O Ministério da Saúde anunciou, nesta quinta-feira (26), a inclusão no Sistema Único de Saúde (SUS) do Sequenciamento Completo do Exoma (WES), um exame genético de alta tecnologia para confirmar diagnósticos de doenças raras genéticas. A medida reduz o tempo de espera de sete anos para até seis meses, representando uma diminuição de 93% no período de aguardar resultados.
O investimento anual de R$ 26 milhões permitirá a oferta gratuita do exame em todo o país, contrastando com os custos de até R$ 5 mil na rede privada. Cerca de 13 milhões de brasileiros são afetados por uma das 7 mil doenças raras catalogadas, sendo mais de 70% de origem genética. “Quando o SUS passa a oferecer o sequenciamento genético completo, um exame que pode custar até R$ 5 mil, estamos rompendo uma barreira histórica de acesso. Isso vai reduzir o tempo de diagnóstico, que hoje pode levar até sete anos, para poucos meses, mudando completamente a qualidade de vida dessas crianças e de suas famílias”, afirmou o ministro da Saúde, Alexandre Padilha.
Dois laboratórios públicos no Rio de Janeiro serão responsáveis pelos exames: o Instituto Nacional de Cardiologia (INC), em operação piloto desde outubro de 2025, e a Fundação Oswaldo Cruz (Fiocruz), com instalação prevista até o fim de maio. Juntos, eles têm capacidade para processar 20 mil diagnósticos por ano, atendendo 100% da demanda nacional.
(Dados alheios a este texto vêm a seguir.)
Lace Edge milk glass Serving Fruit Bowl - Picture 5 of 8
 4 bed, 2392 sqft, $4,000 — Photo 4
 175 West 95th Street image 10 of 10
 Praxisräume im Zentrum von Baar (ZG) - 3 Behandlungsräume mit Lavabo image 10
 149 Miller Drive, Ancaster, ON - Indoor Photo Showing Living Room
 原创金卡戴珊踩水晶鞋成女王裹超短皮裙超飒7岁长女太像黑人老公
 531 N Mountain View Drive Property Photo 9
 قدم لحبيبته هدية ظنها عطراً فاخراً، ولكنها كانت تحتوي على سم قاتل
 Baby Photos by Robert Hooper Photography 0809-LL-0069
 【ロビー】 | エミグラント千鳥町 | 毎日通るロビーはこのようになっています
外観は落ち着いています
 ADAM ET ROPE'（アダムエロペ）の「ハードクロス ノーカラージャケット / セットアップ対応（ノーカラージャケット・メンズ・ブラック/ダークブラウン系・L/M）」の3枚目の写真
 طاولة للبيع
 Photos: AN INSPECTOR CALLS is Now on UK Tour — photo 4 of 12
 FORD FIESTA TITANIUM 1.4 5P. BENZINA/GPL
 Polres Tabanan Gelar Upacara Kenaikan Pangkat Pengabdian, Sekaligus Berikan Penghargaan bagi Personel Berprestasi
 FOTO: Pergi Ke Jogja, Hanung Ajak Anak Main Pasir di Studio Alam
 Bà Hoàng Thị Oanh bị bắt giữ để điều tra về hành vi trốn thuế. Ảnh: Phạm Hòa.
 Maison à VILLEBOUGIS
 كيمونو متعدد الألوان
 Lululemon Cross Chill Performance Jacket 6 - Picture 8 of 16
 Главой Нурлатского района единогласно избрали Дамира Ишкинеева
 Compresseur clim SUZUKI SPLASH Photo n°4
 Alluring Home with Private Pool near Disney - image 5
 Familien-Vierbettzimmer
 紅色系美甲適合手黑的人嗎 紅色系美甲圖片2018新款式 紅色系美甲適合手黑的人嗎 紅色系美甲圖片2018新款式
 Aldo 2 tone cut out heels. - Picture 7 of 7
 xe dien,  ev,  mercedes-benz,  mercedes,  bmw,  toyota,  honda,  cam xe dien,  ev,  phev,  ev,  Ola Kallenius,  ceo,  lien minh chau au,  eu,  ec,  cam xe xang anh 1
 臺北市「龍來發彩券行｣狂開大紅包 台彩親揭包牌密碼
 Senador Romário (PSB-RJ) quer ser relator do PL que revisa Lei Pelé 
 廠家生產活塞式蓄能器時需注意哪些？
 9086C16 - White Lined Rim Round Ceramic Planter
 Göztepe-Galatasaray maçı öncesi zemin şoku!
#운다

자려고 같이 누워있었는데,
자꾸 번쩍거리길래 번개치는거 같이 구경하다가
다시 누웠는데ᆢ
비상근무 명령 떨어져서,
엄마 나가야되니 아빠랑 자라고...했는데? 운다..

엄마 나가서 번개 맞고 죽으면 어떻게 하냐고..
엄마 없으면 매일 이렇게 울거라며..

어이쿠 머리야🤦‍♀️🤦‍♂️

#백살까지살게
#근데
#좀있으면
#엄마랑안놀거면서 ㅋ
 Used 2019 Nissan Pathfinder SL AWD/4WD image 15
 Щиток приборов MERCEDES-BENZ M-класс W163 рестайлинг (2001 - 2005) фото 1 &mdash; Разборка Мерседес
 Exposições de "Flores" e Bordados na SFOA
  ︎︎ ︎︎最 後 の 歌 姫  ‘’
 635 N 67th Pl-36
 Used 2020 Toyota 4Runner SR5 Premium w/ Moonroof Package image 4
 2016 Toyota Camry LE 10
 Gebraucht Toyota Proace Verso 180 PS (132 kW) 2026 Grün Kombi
O projeto-piloto no INC já recebeu amostras de 13 serviços habilitados em 10 estados: RJ, GO, PA, BA, DF, PE, PR, CE, SP e MT, com taxa de sucesso de 99% na coleta e emissão de 175 laudos até o momento. Em março e abril, outros 23 serviços serão habilitados, incluindo ES, PB, PI, RS, SC e RN. A previsão é que, até o fim de 2026, os laboratórios operem em plena capacidade, beneficiando todas as famílias elegíveis no Brasil.
O exame analisa a região do DNA onde se concentram a maioria das mutações genéticas, utilizando amostras de sangue ou saliva. Ele contribui para o diagnóstico de doenças rastreadas no teste do pezinho, como fibrose cística, fenilcetonúria, hipotireoidismo congênito, doença falciforme, outras hemoglobinopatias, hiperplasia adrenal congênita e deficiência de biotinidase.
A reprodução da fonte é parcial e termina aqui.